Wednesday, May 27, 2009
Candy Demon Progression
My friend Errol asked me how I went about the last painting, and after flubbing it trying to explain it entirely in words over the phone, I thought I'd put together this.
The process I took is a weird combination of Ryan Church and traditional oil painting, apparently. So I'll try my best to explain it clearly:
The brushes I used for it weren't any special, custom brushes (except for a minor one!) With the lineart opened in Painter, a new layer was created, set to 'gel'. From there, I started to lay in monochromatic washes with the broad water brush (found in digital watercolor), making sure that whenever it couldn't get any darker, I'd dry the layer, drop it, then make a new one to keep going until I got the right range of values I was looking for. This process was repeated probably 3, maybe 4 times in total.

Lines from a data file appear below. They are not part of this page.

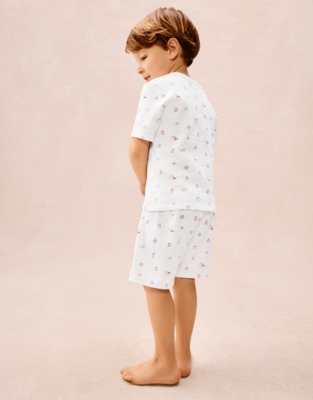 Organic Cotton Relaxed Fit Beach Scene Shortie Pyjamas (2–12yrs)
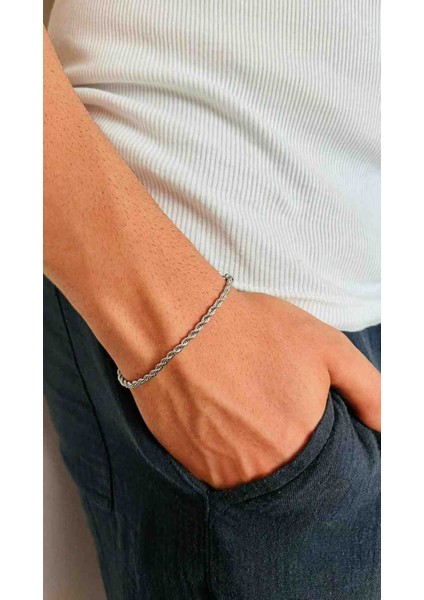 Erkek Çelik Burgu Zincir Bileklik – Unisex, Paslanmaz, Günlük Kullanıma Uygun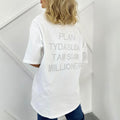 T-shirt oversize pour femmes avec inscription en strass dans le dos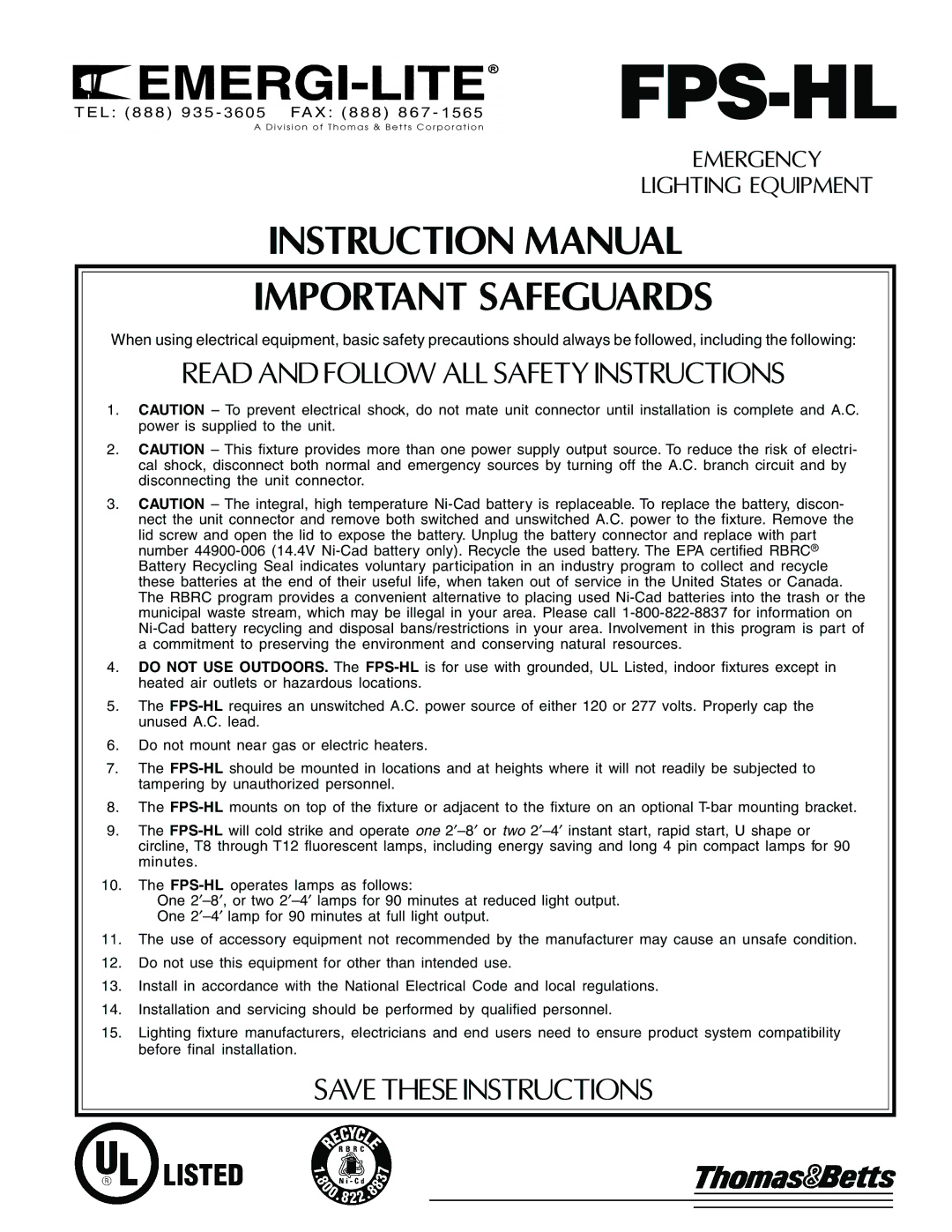 Thomas & Betts FPS-HL instruction manual Fps-Hl, Important Safeguards 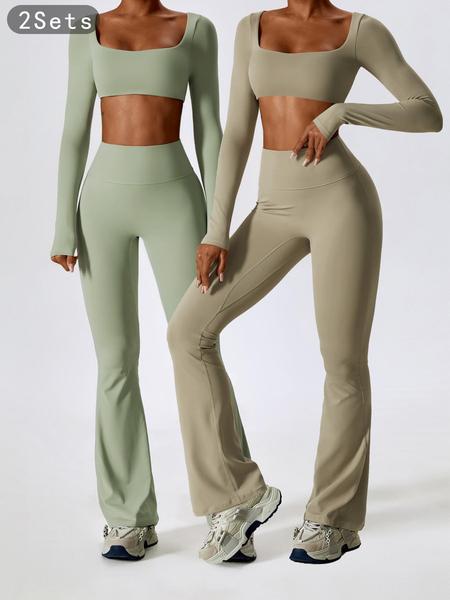 Women's Solid Square Neck Crop Top & High Waist Flare Leg Pants Set, Sporty Comfy Breathable Long Sleeve Top & Bell Bottom Trousers Two/Four-piece Outfits for Yoga Workout, Ladies' Clothes for All Seasons, Gym Wear, Sweatsuit Set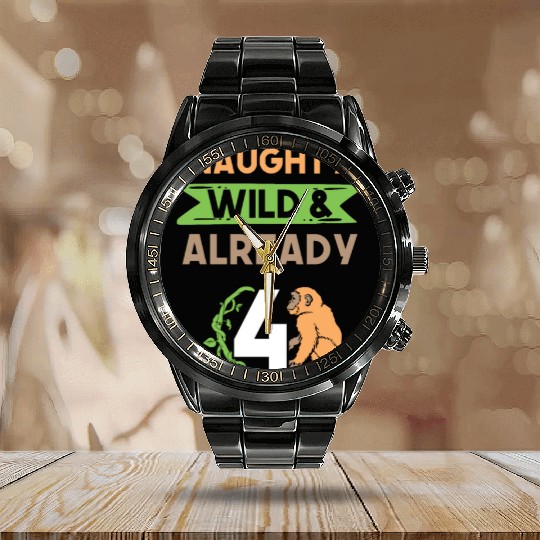 Gift 4 years birthday girl boy Ape Monkey Calendar Steel Band Watch
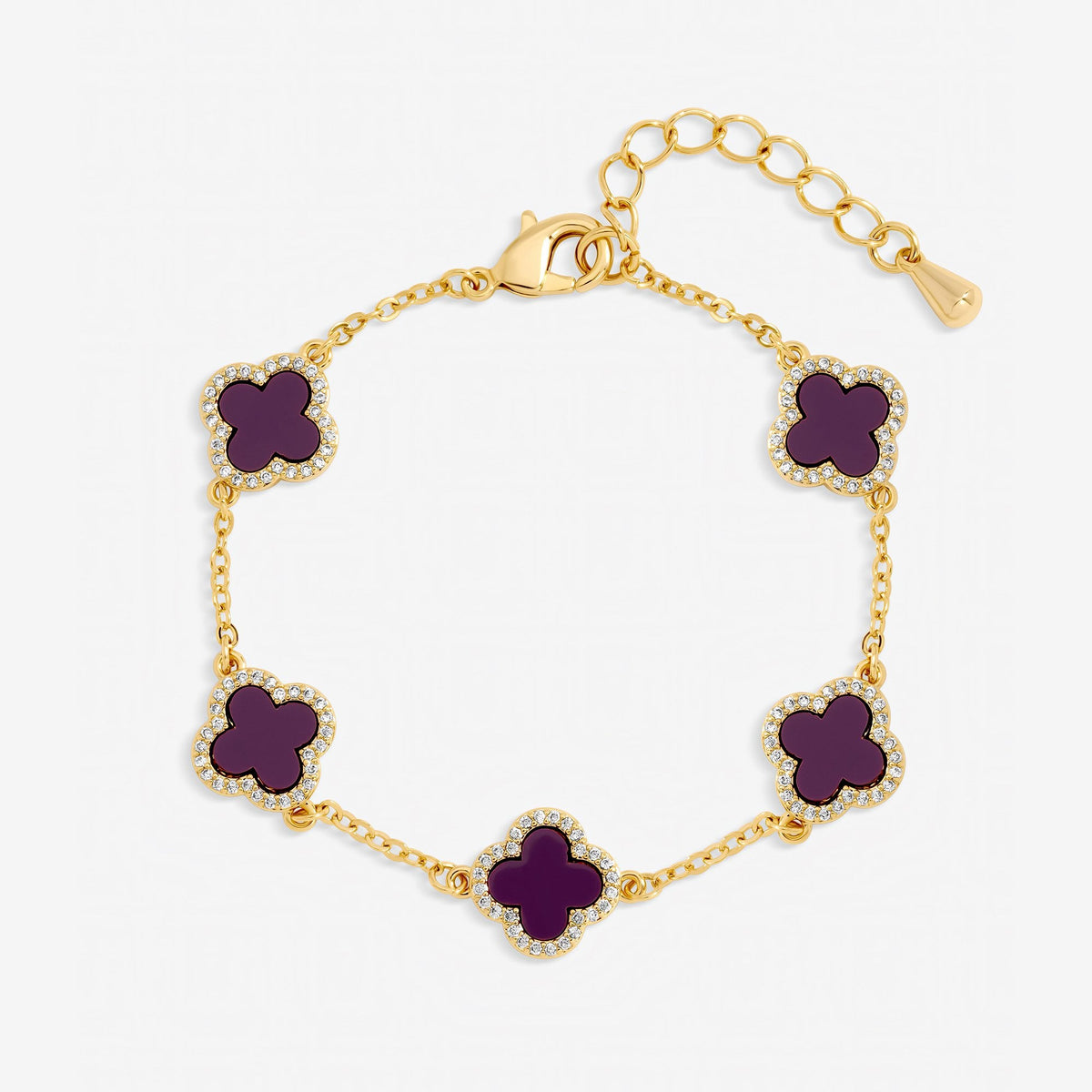 Jon Richard Gold Plated Purple Clover Station Bracelet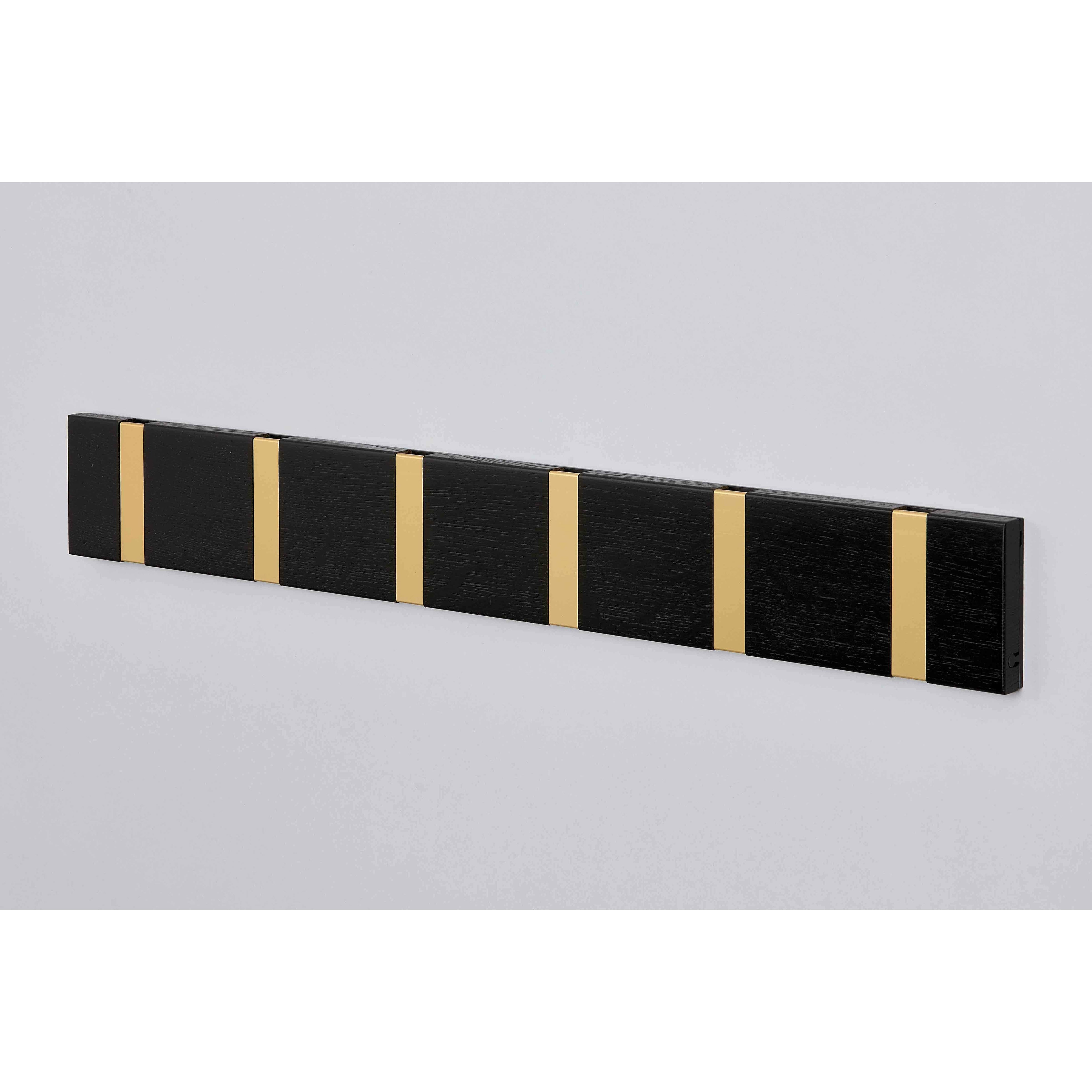 Loca Knax Horizontal Coat Rack 6 Hooks, Oak Black Stained/Brass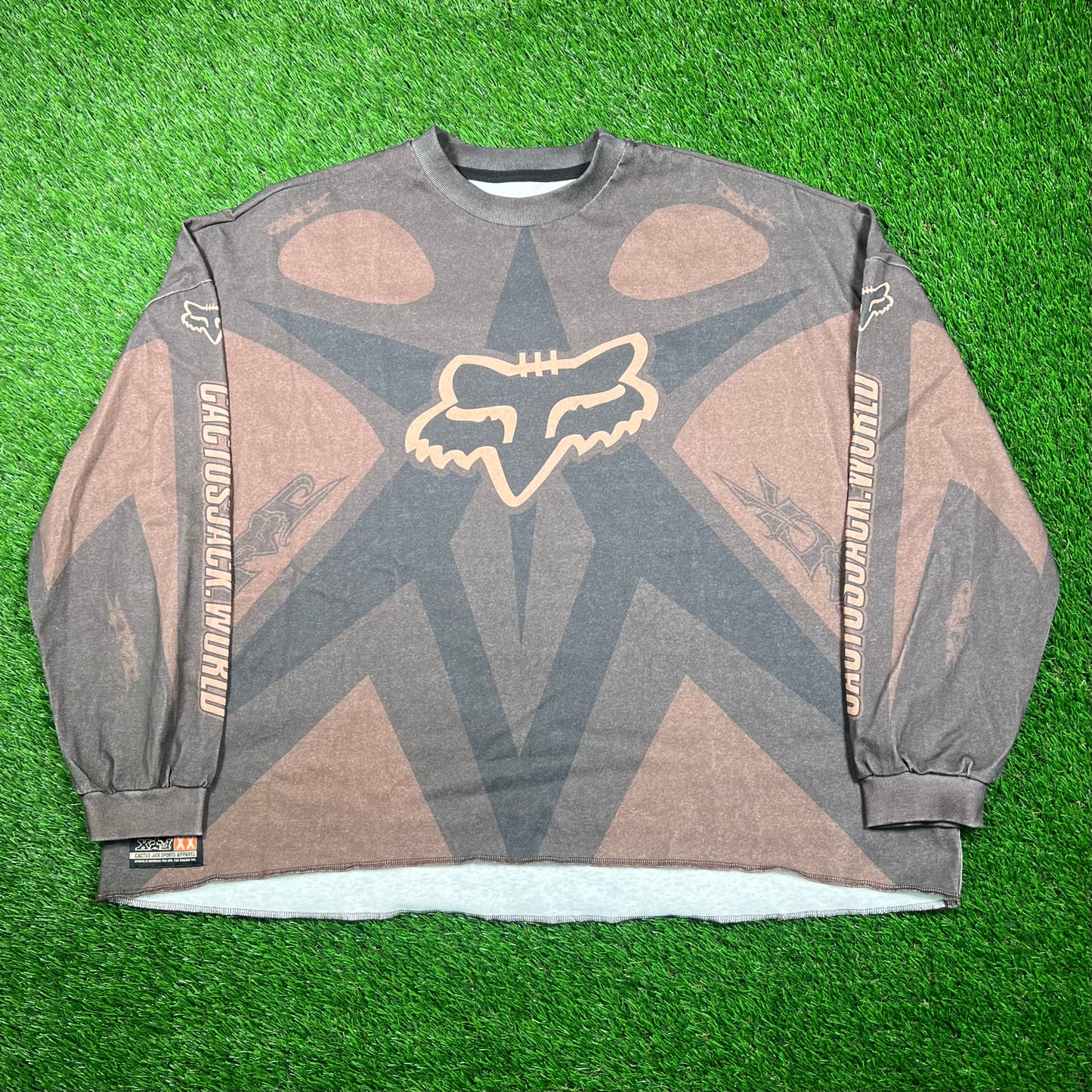 Travis Scott Fox Racing Brown Racing Jersey Size Large USED c16753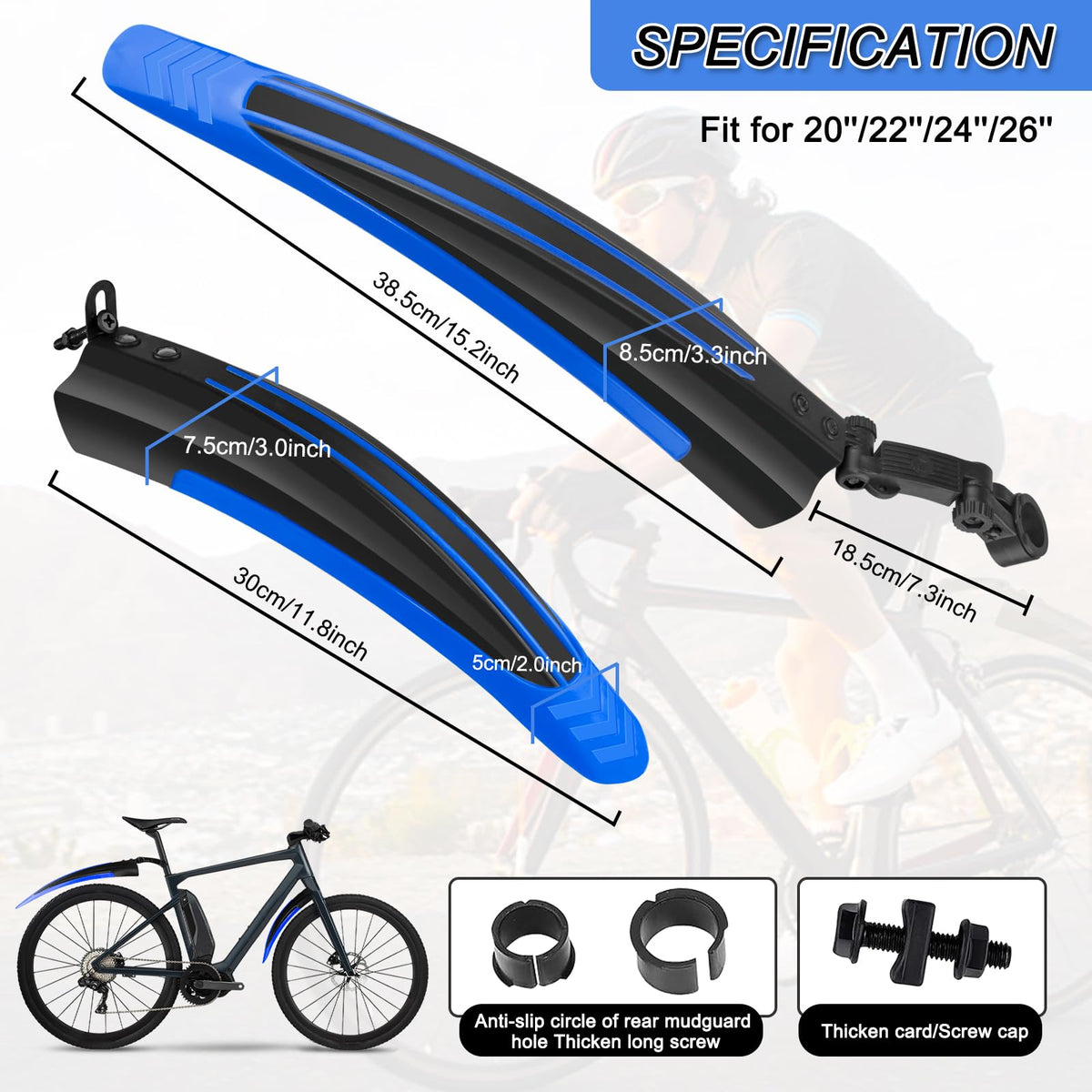 Bike Mudguard Set, Portable Adjustable Road Mountain Bike Bicycle Cycling Tires Front and Rear Mud Guard Fenders for MTB Mountain Road Bike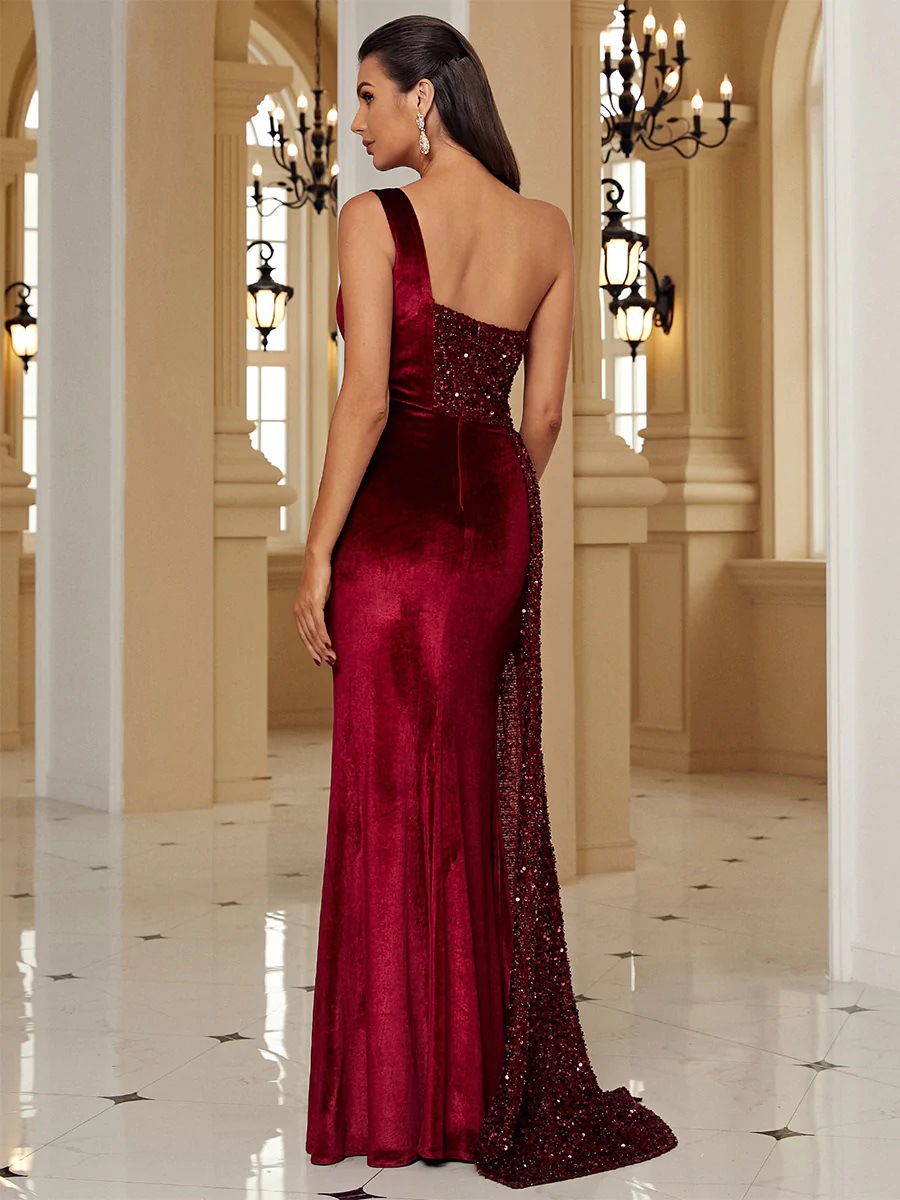 European and American Foreign Trade Women's Light Luxury High-end Fishtail High-end Banquet Elegant Host Single Shoulder dress Evening Dress Women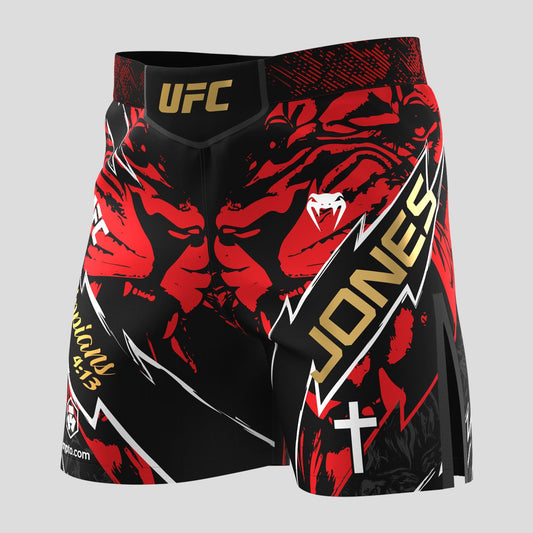 Venum UFC Unrivaled Jon Jones Men’s Short Fit Fight Shorts Red - The Fight Club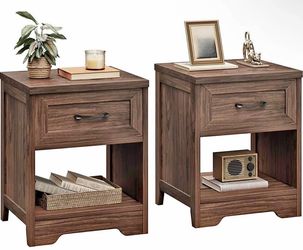 Farmhouse Nightstand Set of 2 – Rustic End Tables with Drawer & Storage, Dark Walnut
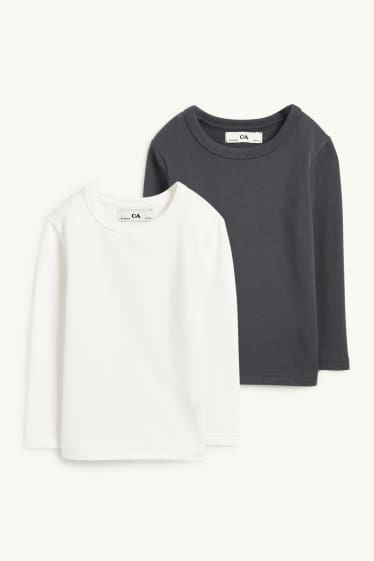 Kinder Jungen - Multipack 2er - Thermo-Unterziehshirt - schwarz / weiß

Once that was done, a new layer was made, set to colorize. Here, I took the scratchboard tool (found in pens), and set the opacity to something like 15-20%. This when you can experiment with different color schemes and see what work in terms of temperatures and hues. Since this was the first one I tried this way, I used really saturated colors to make sure the colors came through, since the colorize layer is treated like a glaze almost.
After this, I only used four tools from here on out: an Eraser (I sometimes used a scratchboard variant that I turned into an eraser, but it's usually too hard of an edge at this point,) scratchboard tool (this time with opacity at 90-100%,) Artist's Oils Drybrush, and Artist's Oils Blending Brush. The Drybrush was the most used tool, and most of the gruntwork was done with that. The scratchboard tool was only used for small details, like making the teeth, refining some edges, and doing the swirls on the tusks and claws. The Blending brush didn't come in until way towards the end, when I need to smooth out value transitions in some areas and clean up the roughness of it all. At some point early on, I used the water rake (found in blenders) to smooth stuff out and also start to get the feel of fur going on, but it was the only time I had used it, and I probably could have skipped it altogether if I just kept blending and refining with the tools above.
Once it was finished up and posted on here, I thought it might have looked a little too even in values, so I took it into Photoshop and punched up the values using Curves.
Well, I think that answers all of that! Hope it wasn't too confusing, Errol!